Ankie greep een washandje en veegde voorzichtig de zeep van haar gezicht. Daarna draaide ze haar hoofdje zo, dat het water haar ogen schoonspoelde. "Is het weg?"

"Ja," proestte ze.

"Viezerd, je maakt me nat!" lachte Ankie.

"Wanneer krijg ik een stiefbroertje, mamma?"

"Meisje, daar weet ik niets van. Die krijg je niet zomaar en een nieuwe pappa ook niet."

"We kunnen Jannes wel nemen," stelde Fleur voor. "Die heeft geen mamma en hij is heel lief."
"Kom, ik doe de kraan uit. Droog jij jezelf af? Ik moet naar de keuken."

Terwijl ze de aardappels afgoot, dacht ze na over Fleurs woorden. Natuurlijk was Jannes een lieve en leuke man zonder 'mamma', zoals Fleur zei. Ze was ook blij dat ze hem kende en bij zijn vriendengroep was gaan horen. Toch zag ze hem niet als de man met wie ze ooit een relatie zou krijgen. Sterker nog, ze was er zeker van dat ze nooit een relatie zou krijgen. Met niemand niet. Ze had het toch goed zoals het was? Waarom zou ze dat dan veranderen?

"Jannes kan toch niet." Fleur kwam in haar nachthemd de keuken in. "Hij heeft geen kind en ik wou toch een broertje? We moeten maar een andere pappa gaan zoeken."

Ankie wist niets terug te zeggen. Ze wilde Fleur niet teleurstellen, maar ook geen hoop geven. Ze trok haar naar zich toe. "Dat dacht ik al. Je hebt je oren weer niet afgedroogd. Ga je dat snel nog even doen?" Ze deed de aardappels bij de boerenkool in de pan en begon alles door elkaar te stampen. Ze voegde het spekvet toe en bracht de pan naar de kamer.

"Wij hebben een nieuwe meester op school. Misschien is die wel goed als nieuwe pappa."

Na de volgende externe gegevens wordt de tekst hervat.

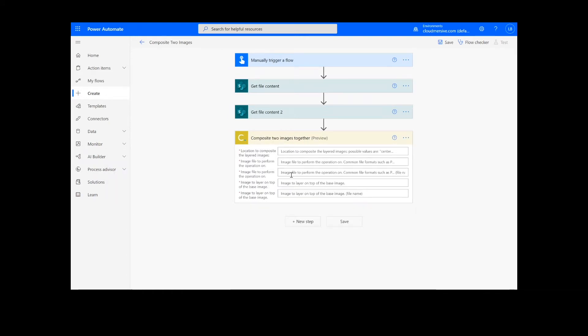It's important to note that if you've never used one of our connectors before, you will be prompted to enter your API key. This is free on the Cloud Immersive website with no commitment, and once you've entered it here, you won't be asked for it again.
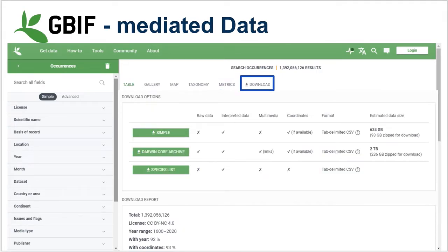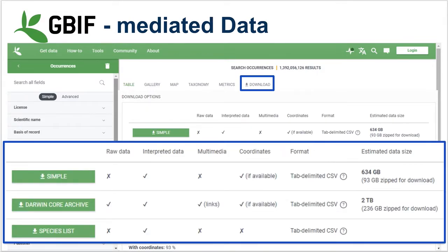The download tab is all-important for ecological niche modeling since we need these data in hand. We won't be interested in species lists because they lack the location information we need. For occurrences, there are two options: a simple download, which does not contain the raw data as published by the contributor nor links to multimedia; and for our purposes — to cross-check and do due diligence — we probably want the Darwin Core Archive.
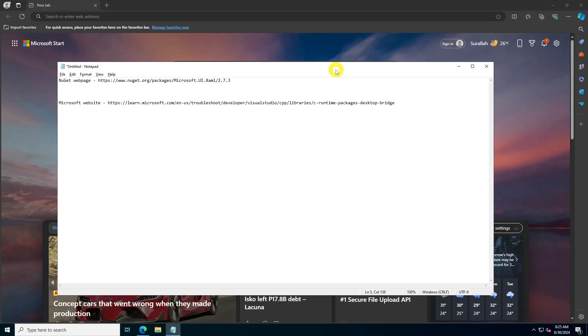Since Winget isn't natively included with Windows Server, you'll need to manually install its dependencies, starting with Microsoft UI XAML and Microsoft VCLibs.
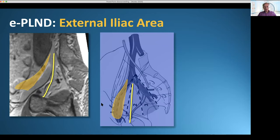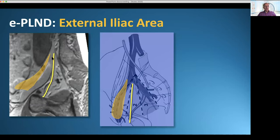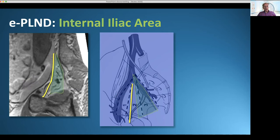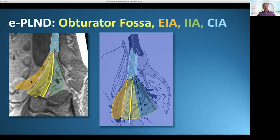The area dorsal to the external iliac vein and around the obturator nerve is the so-called obturator fossa, and in this case there is a positive lymph node in the fossa. Anterior to the obturator fossa is the region of the external iliac. Dorsal to the obturator nerve is the internal iliac region — rather difficult because there are a lot of vessels which cause bleeding. Cranially to the iliac bifurcation is the common iliac region: external, obturator, internal, and common.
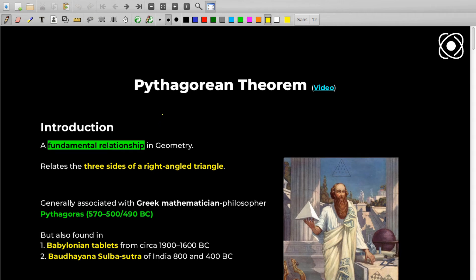Hey guys, welcome to Protons Talk. The topic of today's video is Pythagorean Theorem, or Pythagoras Theorem as you all might be knowing. Let me walk you through a quick introduction and a small history of this theorem, and then we'll see the theorem and its proofs.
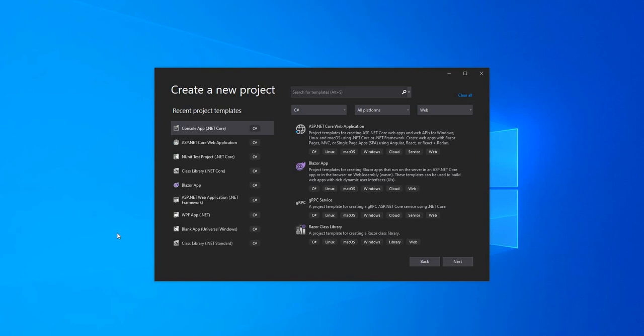Hello everyone and welcome to .NET Core Central. In today's video I'm going to talk about a very basic concept of .NET which is exception handling. I'll discuss what is an exception, then create a project implementing exception handling using try-catch-finally and talk about best practices. Next, I'll cover how to throw an exception, user-defined exceptions, and finally how to use filtering exceptions.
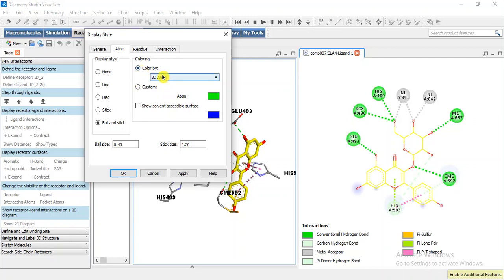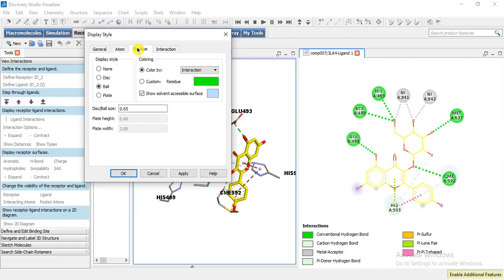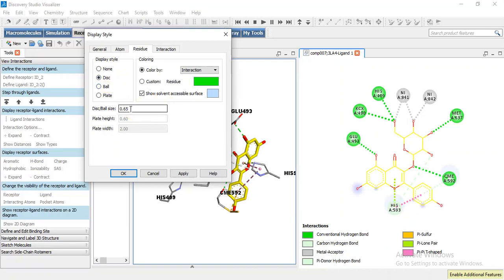For residue I am going to make it disc. It is like ball model and I am going to show it in this model and I am going to increase the size to 0.9. Here I am going to remove this.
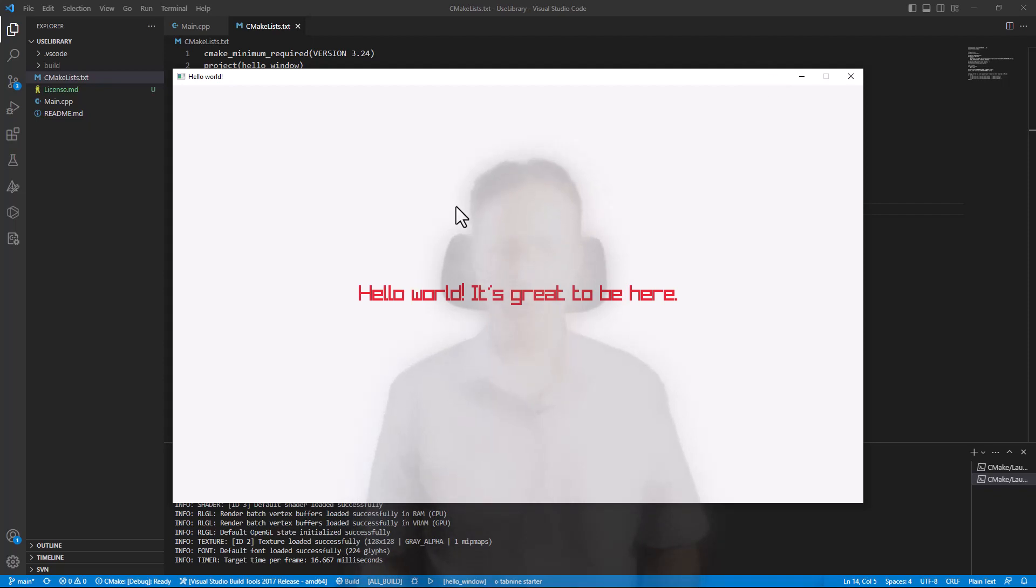So that is, in a nutshell, how you link to third-party libraries provided the source code is available. That's it for now. I will see you next time. Bye-bye.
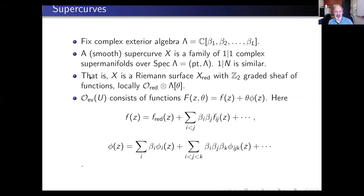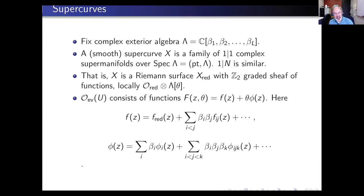A super curve is going to be a family of one|one-dimensional complex supermanifolds over Spec lambda. What that means is that a super curve has a reduced space, which is an ordinary Riemann surface, and on it there is a Z2-graded sheaf of functions that locally looks like functions on that Riemann surface — functions of a complex variable z — tensored with functions of an odd variable theta that can have coefficients in the exterior algebra lambda. More explicitly, the even functions on an open set look like F(z) + θφ(z), where the even part F(z) has a reduced part that's an ordinary holomorphic function of z, plus terms involving even numbers of betas with holomorphic coefficients. The odd function φ looks like a sum of odd numbers of betas multiplied together with holomorphic coefficients in z.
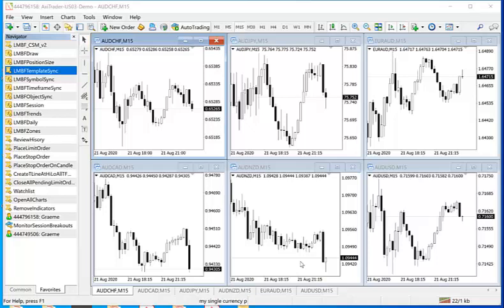In this video I briefly want to show you how to use an MBF template sync indicator so that you can quickly apply a template that you have already saved across multiple charts in one easy go.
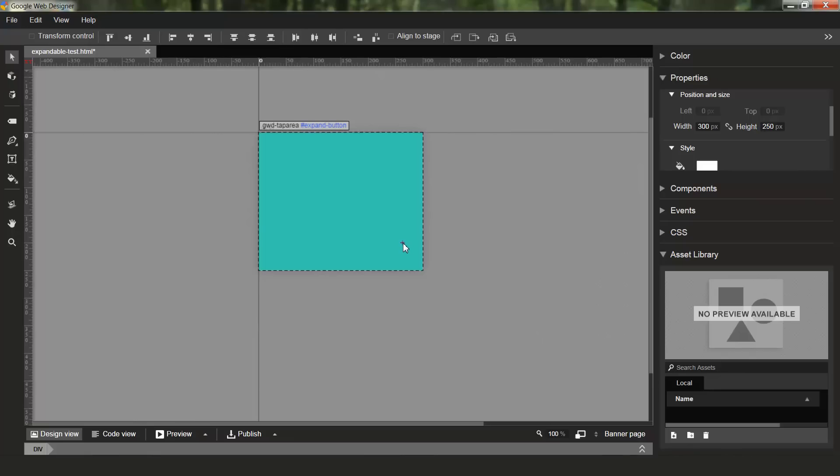On stage I have an expandable ad created from the standard expandable ad template. You can see I'm currently viewing the banner page and I'll just quickly show you what the expanded page looks like.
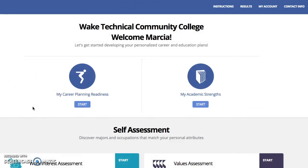Now you're into FOCUS2. To find out how to complete the assessments you need for the Career Profile Assignment, please see future videos.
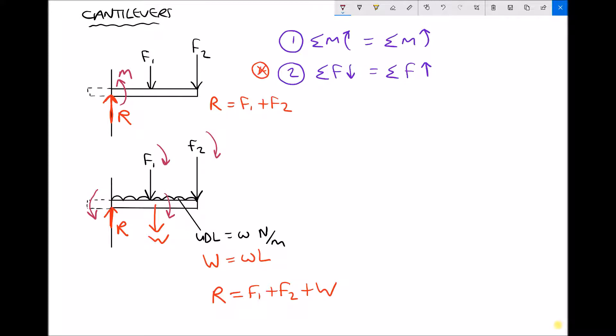So all we really need to do when looking at cantilevers is recall our two conditions for static equilibrium: the sum of the clockwise moments equals the sum of the anticlockwise moments, and the sum of the forces pushing down equals the sum of the forces pushing up.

"Fleur," begon Ankie, maar de telefoon ging. Ze nam op. "Ankie ter Velde."

"Hoi, Ankie, met Sietske."

"Hallo! Wat leuk je te horen. Wacht even. Ik schep gauw Fleurs bord vol, want we zouden juist gaan eten en ze moet al bijna naar bed." Ook op haar eigen bord schepte ze wat van de stamppot en ze nam snel een hap. "Ik ben er weer."

"Ik zal het kort houden, dan kunnen jullie samen eten, maar ik heb geweldig groot nieuws en ik kan niet wachten met vertellen tot je over twee weken hier komt. Ik ben zwanger."

"Wat?" Ankie keek zo verbaasd, dat Fleur vergat te eten.

"Ik ben zwanger."

"Gefeliciteerd, zeg. Meid, wat geweldig leuk voor je."

"Dank je. Ik ben begin augustus uitgeteld. Midden in de zomer."

"Is Lars er ook blij mee?"

"Ja, natuurlijk. Hij wilde het immers ook graag. Hij is net zo blij als ik."

"Echt fantastisch voor jullie. Zal ik later op de avond nog even terugbellen?" vroeg Ankie.

"Dat kan niet. We gaan zo naar mijn ouders om het grote nieuws te vertellen, maar ik wilde dat jij de eerste was. Eet smakelijk en tot gauw."

Ankie legde de hoorn neer, maar ze voelde zich opeens hopeloos verloren. In plaats van gelukkig en blij te zijn voor haar vriendin, voelde ze zich op onverklaarbare wijze intens verdrietig.